Exercise instructions:
The required output is the line containing "Office for rent in Metn, Jisr El Bacha" followed by every later line through the end of the data, all reproduced exactly.

Dataset records:
============
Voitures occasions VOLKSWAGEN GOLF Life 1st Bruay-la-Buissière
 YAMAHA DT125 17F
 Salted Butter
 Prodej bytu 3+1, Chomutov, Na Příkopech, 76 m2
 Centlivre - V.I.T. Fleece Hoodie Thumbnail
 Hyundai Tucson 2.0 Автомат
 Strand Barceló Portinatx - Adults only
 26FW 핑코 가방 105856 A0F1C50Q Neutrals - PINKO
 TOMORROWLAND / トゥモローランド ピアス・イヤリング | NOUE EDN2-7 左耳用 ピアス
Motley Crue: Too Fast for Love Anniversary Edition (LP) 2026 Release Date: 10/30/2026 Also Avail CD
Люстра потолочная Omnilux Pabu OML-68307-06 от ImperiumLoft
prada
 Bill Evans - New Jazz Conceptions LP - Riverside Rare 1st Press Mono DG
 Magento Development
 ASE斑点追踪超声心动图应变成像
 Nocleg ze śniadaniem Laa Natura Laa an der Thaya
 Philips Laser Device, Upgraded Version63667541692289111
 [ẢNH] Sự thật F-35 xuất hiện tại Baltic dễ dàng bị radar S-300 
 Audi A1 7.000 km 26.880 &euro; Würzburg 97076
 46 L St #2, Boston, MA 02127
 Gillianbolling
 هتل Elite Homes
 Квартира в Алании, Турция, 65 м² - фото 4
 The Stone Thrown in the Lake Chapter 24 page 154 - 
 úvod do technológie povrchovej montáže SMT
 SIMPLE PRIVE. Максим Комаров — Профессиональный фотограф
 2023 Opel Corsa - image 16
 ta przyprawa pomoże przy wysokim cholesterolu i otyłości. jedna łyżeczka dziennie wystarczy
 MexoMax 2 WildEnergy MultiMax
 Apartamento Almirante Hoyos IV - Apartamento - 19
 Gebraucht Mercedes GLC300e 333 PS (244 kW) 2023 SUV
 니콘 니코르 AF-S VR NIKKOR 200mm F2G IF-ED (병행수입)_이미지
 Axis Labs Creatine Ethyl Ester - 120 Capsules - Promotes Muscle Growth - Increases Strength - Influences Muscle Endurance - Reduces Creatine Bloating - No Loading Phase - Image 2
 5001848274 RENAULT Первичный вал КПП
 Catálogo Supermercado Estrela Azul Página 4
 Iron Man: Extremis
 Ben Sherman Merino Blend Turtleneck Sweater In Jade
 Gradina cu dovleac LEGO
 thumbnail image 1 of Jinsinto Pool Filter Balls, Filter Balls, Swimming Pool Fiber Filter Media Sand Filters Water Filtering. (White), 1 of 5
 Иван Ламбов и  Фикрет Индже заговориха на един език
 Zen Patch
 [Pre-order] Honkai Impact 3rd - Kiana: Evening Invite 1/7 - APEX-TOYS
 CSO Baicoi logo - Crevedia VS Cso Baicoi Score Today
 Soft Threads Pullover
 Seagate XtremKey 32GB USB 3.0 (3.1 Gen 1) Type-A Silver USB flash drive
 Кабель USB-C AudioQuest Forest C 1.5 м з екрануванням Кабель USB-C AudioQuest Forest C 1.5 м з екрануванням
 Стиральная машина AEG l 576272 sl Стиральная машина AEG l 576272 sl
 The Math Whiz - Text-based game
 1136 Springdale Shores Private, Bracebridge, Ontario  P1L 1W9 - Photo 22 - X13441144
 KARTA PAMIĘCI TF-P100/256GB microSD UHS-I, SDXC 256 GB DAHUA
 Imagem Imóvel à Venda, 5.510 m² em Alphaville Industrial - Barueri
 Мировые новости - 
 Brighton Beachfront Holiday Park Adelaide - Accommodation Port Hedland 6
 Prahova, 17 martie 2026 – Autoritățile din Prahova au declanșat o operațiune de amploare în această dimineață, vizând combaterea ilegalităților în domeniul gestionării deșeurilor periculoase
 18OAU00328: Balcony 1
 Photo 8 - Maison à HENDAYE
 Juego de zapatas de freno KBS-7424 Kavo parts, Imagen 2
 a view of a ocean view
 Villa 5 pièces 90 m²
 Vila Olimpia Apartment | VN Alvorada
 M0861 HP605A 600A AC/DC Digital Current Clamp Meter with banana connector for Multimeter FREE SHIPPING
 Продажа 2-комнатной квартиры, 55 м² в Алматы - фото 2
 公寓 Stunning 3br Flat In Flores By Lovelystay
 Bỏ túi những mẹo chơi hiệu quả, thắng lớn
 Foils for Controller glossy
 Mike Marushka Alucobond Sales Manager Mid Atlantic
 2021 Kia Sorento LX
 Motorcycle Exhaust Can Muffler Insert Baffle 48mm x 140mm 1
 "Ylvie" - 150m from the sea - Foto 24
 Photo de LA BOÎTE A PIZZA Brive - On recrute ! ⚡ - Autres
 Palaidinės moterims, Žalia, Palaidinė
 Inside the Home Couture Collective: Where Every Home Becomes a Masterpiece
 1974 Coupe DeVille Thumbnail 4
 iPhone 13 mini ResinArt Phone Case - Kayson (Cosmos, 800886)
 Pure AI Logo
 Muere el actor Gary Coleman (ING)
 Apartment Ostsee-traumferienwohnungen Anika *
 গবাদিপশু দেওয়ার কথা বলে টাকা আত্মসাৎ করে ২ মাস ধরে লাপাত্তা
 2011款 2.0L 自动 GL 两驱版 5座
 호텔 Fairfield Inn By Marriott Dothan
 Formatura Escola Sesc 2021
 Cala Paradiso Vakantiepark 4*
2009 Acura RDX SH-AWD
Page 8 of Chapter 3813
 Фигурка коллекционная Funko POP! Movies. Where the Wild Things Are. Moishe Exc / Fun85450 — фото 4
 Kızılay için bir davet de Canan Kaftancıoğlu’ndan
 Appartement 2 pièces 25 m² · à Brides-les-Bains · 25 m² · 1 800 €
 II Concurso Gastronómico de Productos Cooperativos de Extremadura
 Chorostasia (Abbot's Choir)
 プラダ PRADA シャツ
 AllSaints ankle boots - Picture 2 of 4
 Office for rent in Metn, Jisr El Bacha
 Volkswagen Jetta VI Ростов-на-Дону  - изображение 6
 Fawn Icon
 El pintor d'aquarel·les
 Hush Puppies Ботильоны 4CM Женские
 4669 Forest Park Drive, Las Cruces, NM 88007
============
Result below:
 Office for rent in Metn, Jisr El Bacha
 Volkswagen Jetta VI Ростов-на-Дону  - изображение 6
 Fawn Icon
 El pintor d'aquarel·les
 Hush Puppies Ботильоны 4CM Женские
 4669 Forest Park Drive, Las Cruces, NM 88007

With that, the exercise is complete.